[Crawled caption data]

# # # # #

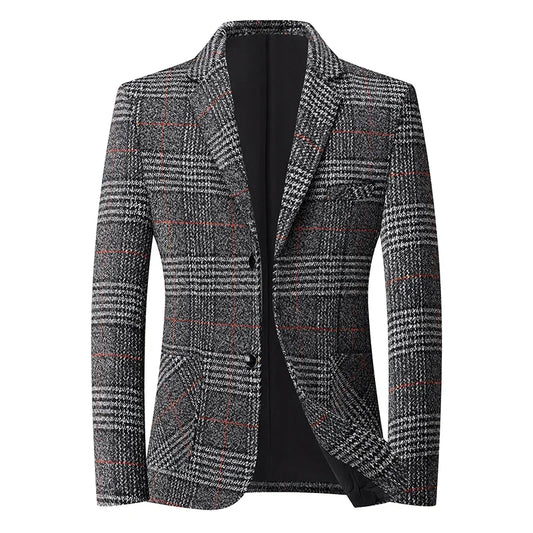 Blazer  New Stylish and Slimming Middle-aged Business Casual Checkered Wedding Banquet Host Men Outdoor Performance Blazer 2026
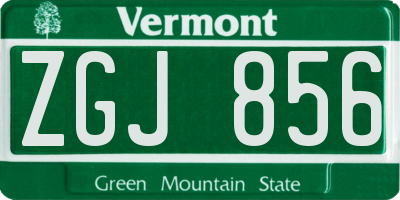 VT license plate ZGJ856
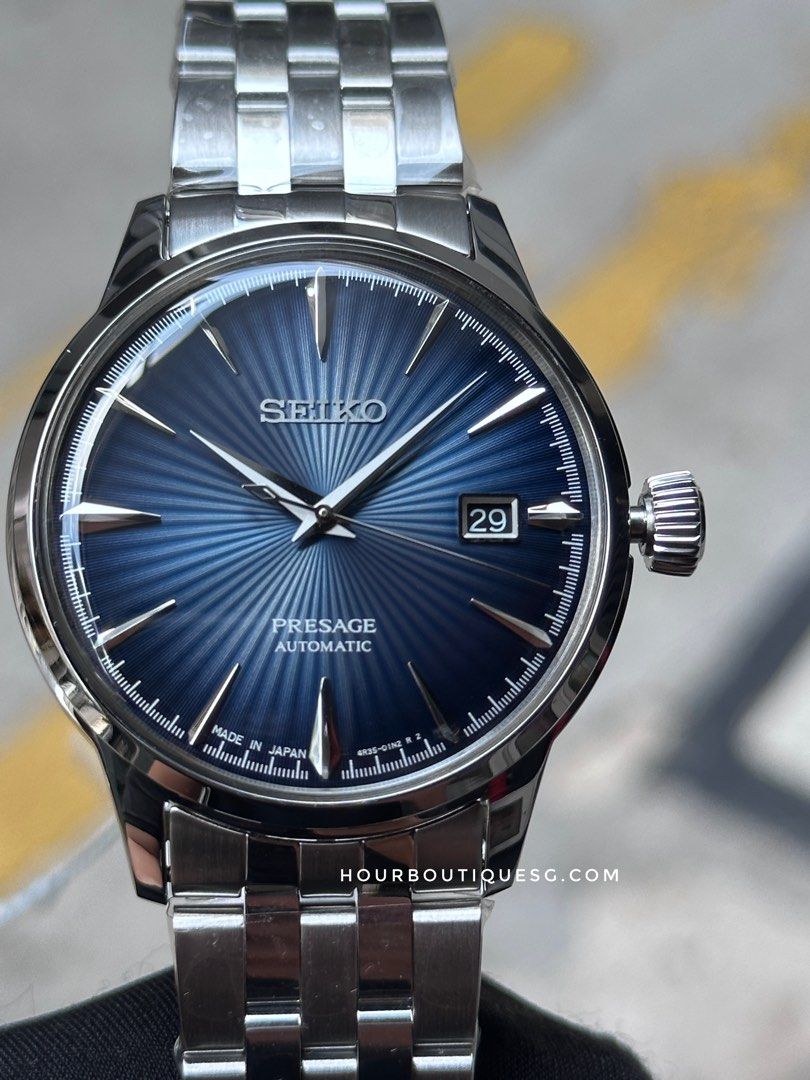 Brand New Seiko Presage Dark Blue Cocktail Time Automatic Dress Watch SARY123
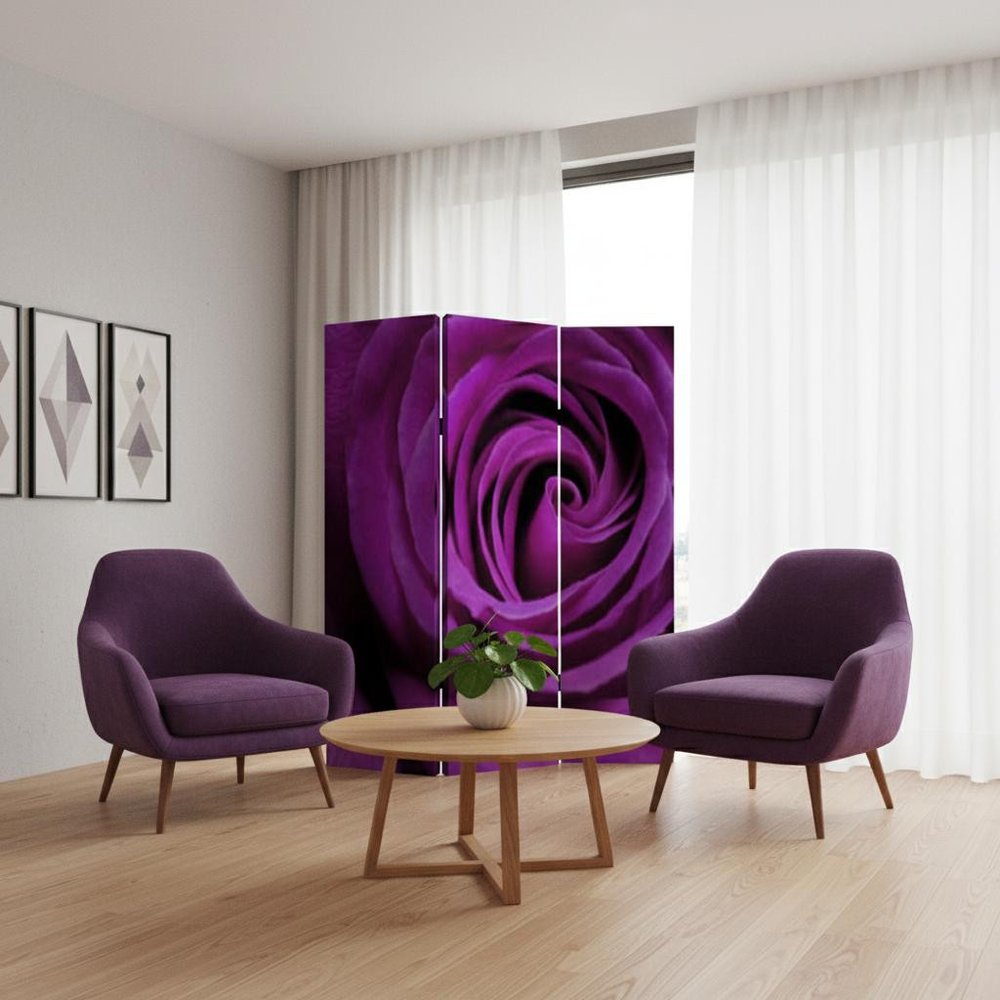 48 X 72 Multi Color Wood Canvas Flourish Screen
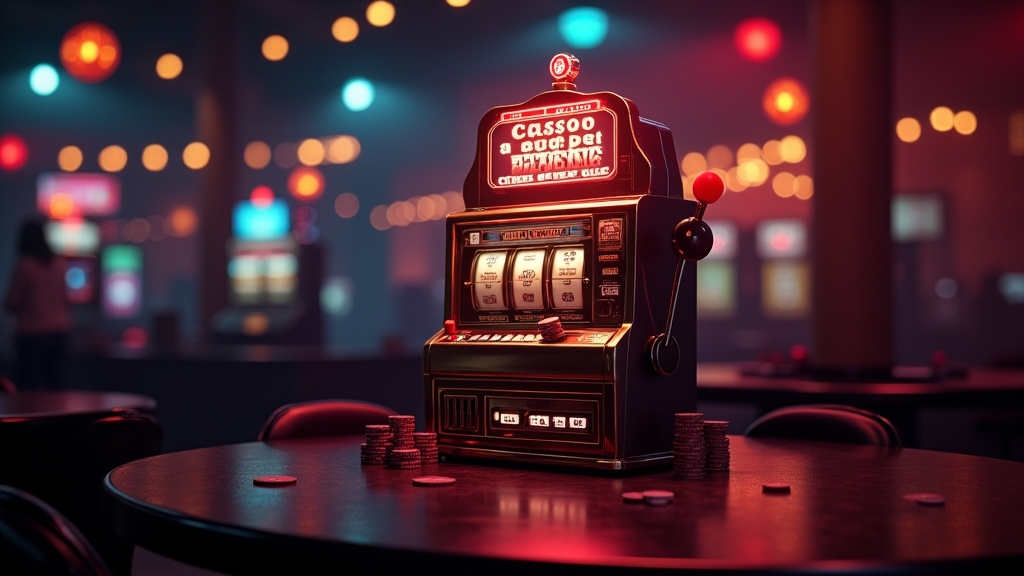 Tela de bônus com código promocional sobre uma slot machine em ambiente de cassino escuro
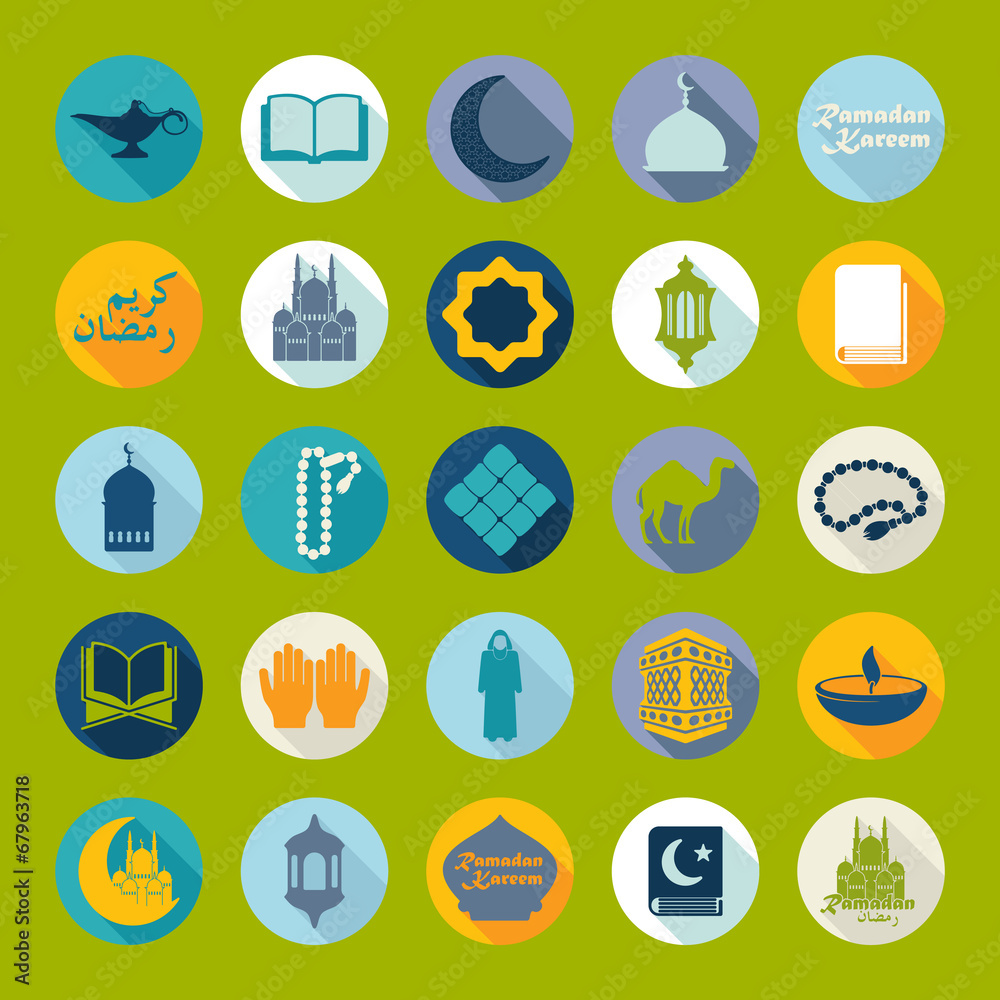 Set of flat icons: Ramadan Kareem Set of flat icons: Ramadan Kareem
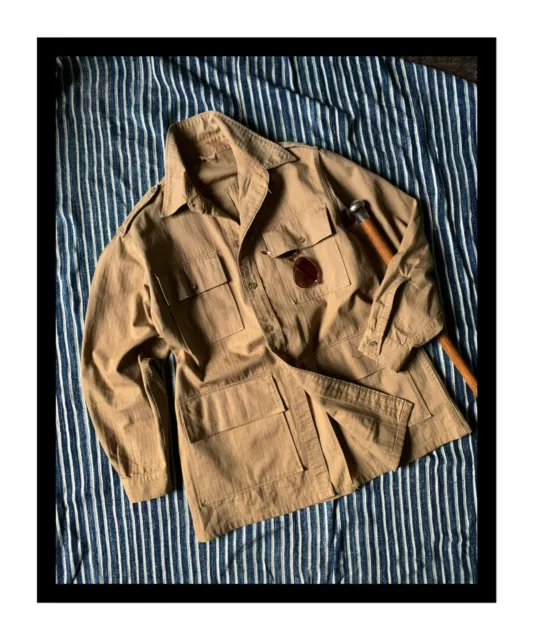 A Brilliant Vintage British Army Khaki Bush Jacket In A Herringbone Cotton WW2?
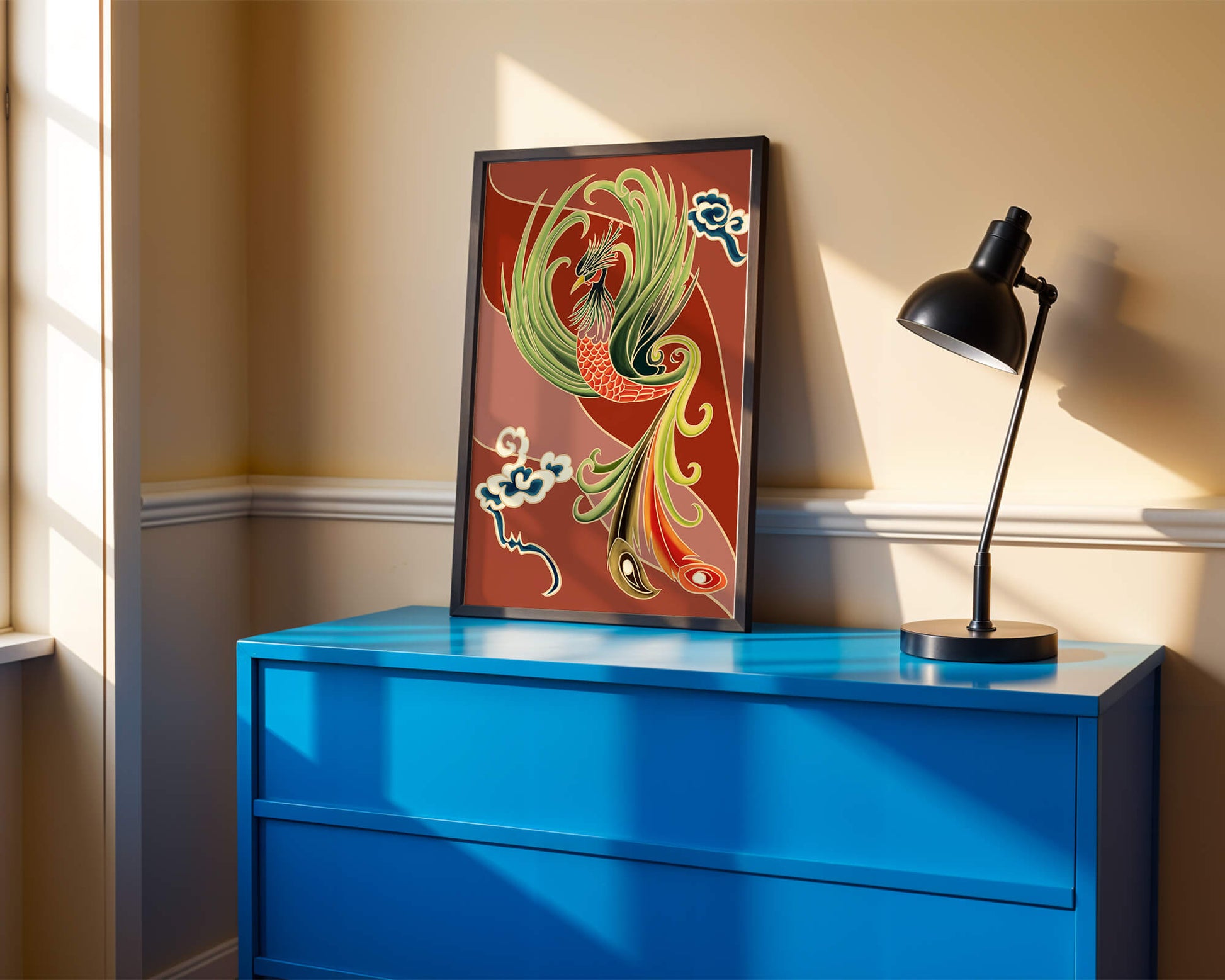 Stylized phoenix illustration with vibrant colors and clouds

# # # # #

Omit the pictures, then extract verbatim only those lines that fall between the line containing "Set of flat icons: Ramadan Kareem Set" and the final line of the records above, both included.

 Set of flat icons: Ramadan Kareem Set of flat icons: Ramadan Kareem
 A Brilliant Vintage British Army Khaki Bush Jacket In A Herringbone Cotton WW2?
 Stylized phoenix illustration with vibrant colors and clouds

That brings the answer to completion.